When Matthews said it, it cut to our soul. Should we have reported the weird-ass things a cable talker said to us (and to a second Washington journalist) just last month, after a function? Especially when that cable talker is now spending so much time leering, embellishing, gossiping and spewing his sexual fantasies about the Clintons? Did it mean that we were “in with that guy” when we kept his weird remarks to ourselves? Here at THE HOWLER, we haven’t decided. But Matthews is having a grand old time, doing what he has always done best—sticking his nose in the Clintons’ trousers; “improving” on the facts just a tad; and helping the public spend their time zeroed in on his own sad obsessions.

For all their very obvious abilities, some little boys just never grow up. One such boy is the sex-obsessed Matthews—who offered such wonderfully high-minded thoughts on that inspiring Hardball.

Special report—Frankly, that’s Rich!

A RICHLY-DESERVED DAY OF REST: Frankly, we’ve found it depressing to spend so much time reviewing the work of the hapless Frank Rich.
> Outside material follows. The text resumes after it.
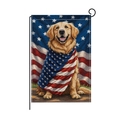 Bandiera da giardino con Golden Retriever e bandiera americana per il Giorno Indipendenza - Stile Golden Retriever (HYQ057-6)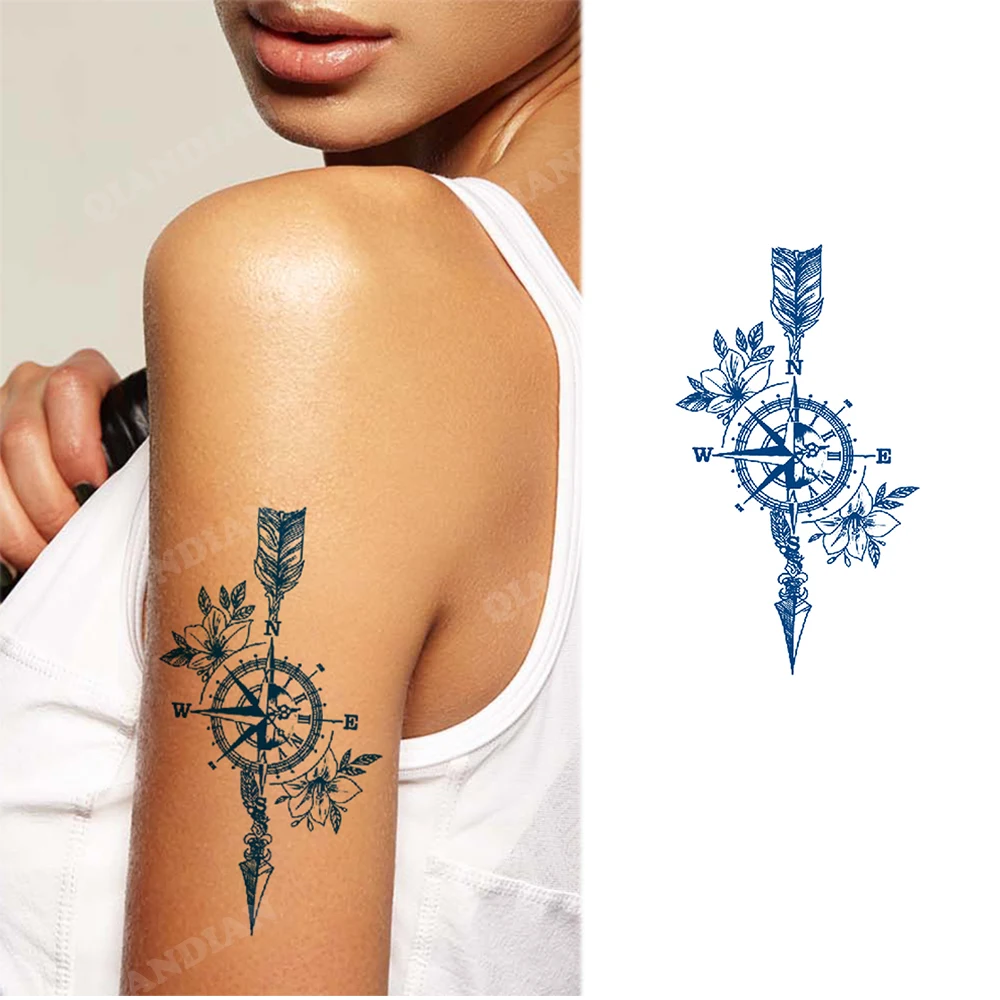 Black Compass Arrow Tattoo - Body Arm Art Waterproof Tattoo Stickers Craft  1pc | eBay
And so, we decided to take the day off. We’ll try to wrap our exploration tomorrow.

In the meantime, remember the question our e-mailer sent us: Why has a fiery liberal like Rich presented so much Grade A bull about Gore? Not being Grade A mind-readers ourselves, we can’t answer that question with certainty. But we think we can give it a start.

For links to all current parts of this series, see THE DAILY HOWLER, 6/5/06.

One other thought experiment: If you want to know why we’d guess that Gore won’t run again, ask yourself this one simple question: Have you seen anyone else—any fiery liberals—say even one word about Rich’s weird column? We’ve noticed the standard—complete, total silence. As it was in 1999, so it is in 2006.